Task description =>
Line by line, give the data again exactly as it appears, but without pictures.

Source data =>

# # #

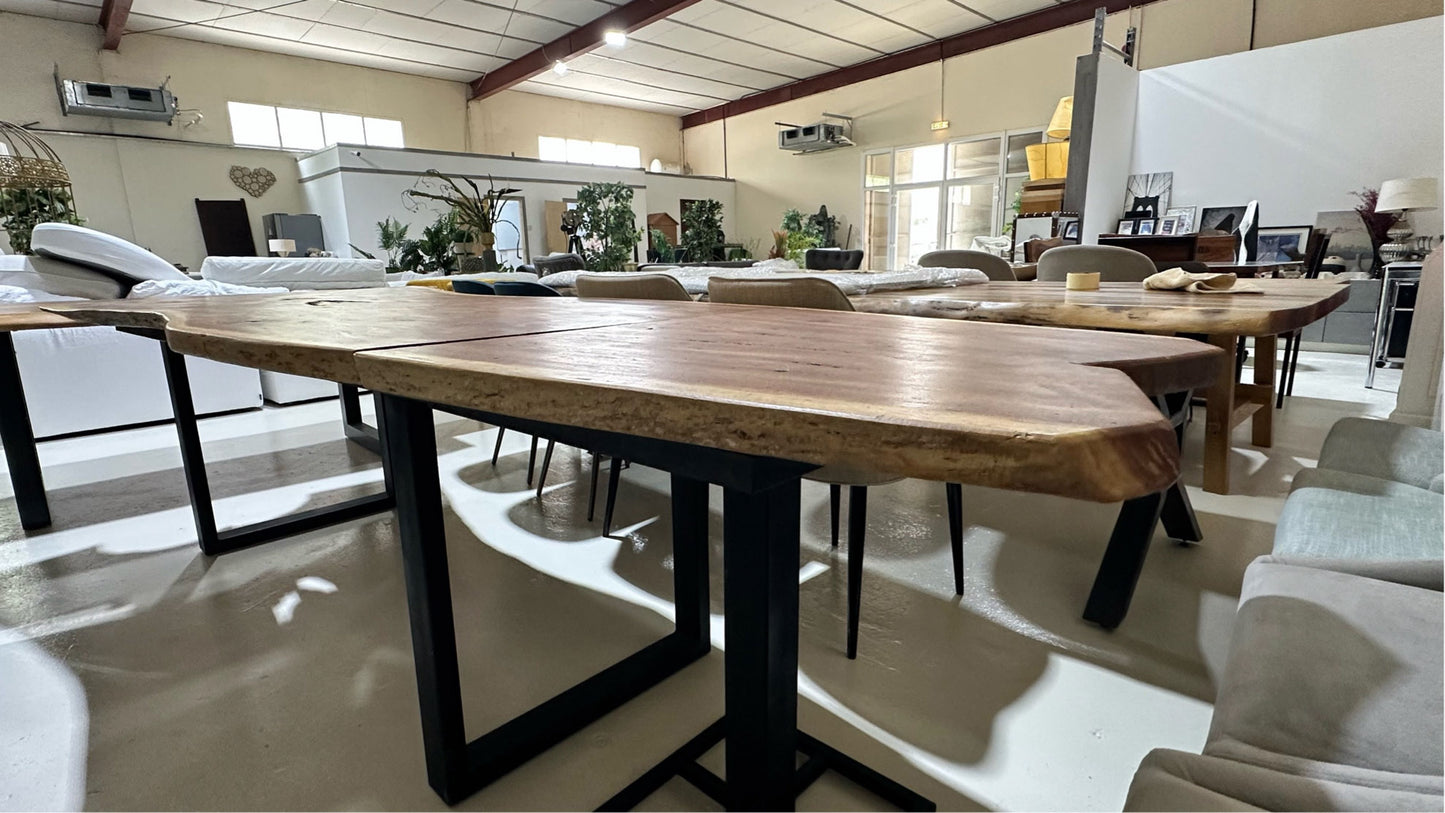 Dinning Table , Wood slab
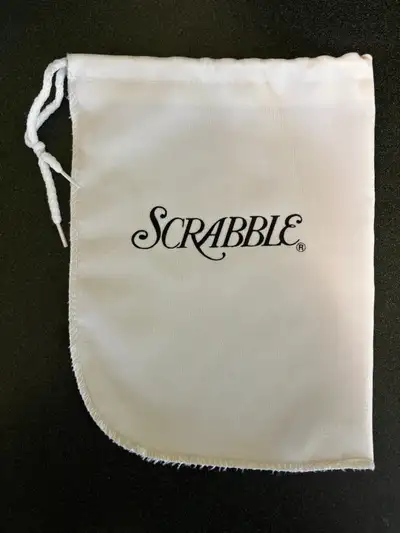 Scrabble Tile Bag, View more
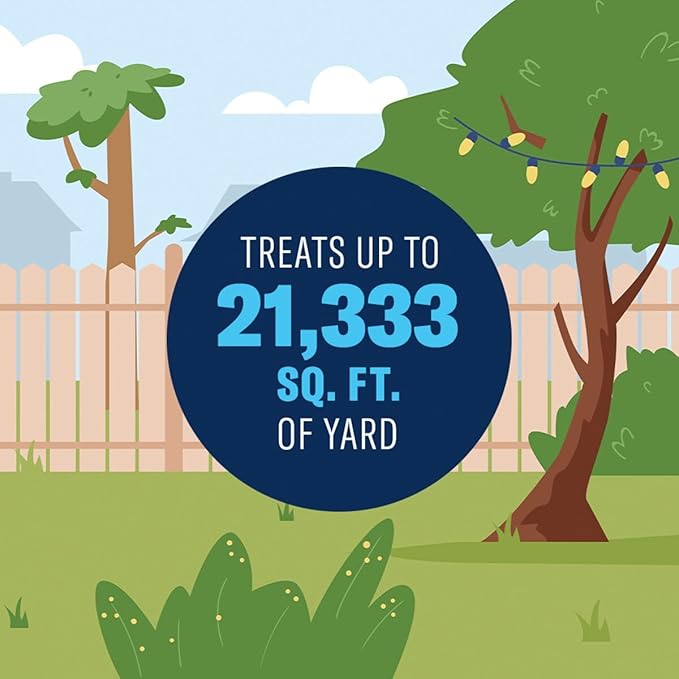 BioAdvanced Lawn Party Mosquito and Tick Control Concentrate 1 Gal 21333 Sq Ft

# # #

Response to this exercise =>
 Dinning Table , Wood slab
 Scrabble Tile Bag, View more
 BioAdvanced Lawn Party Mosquito and Tick Control Concentrate 1 Gal 21333 Sq Ft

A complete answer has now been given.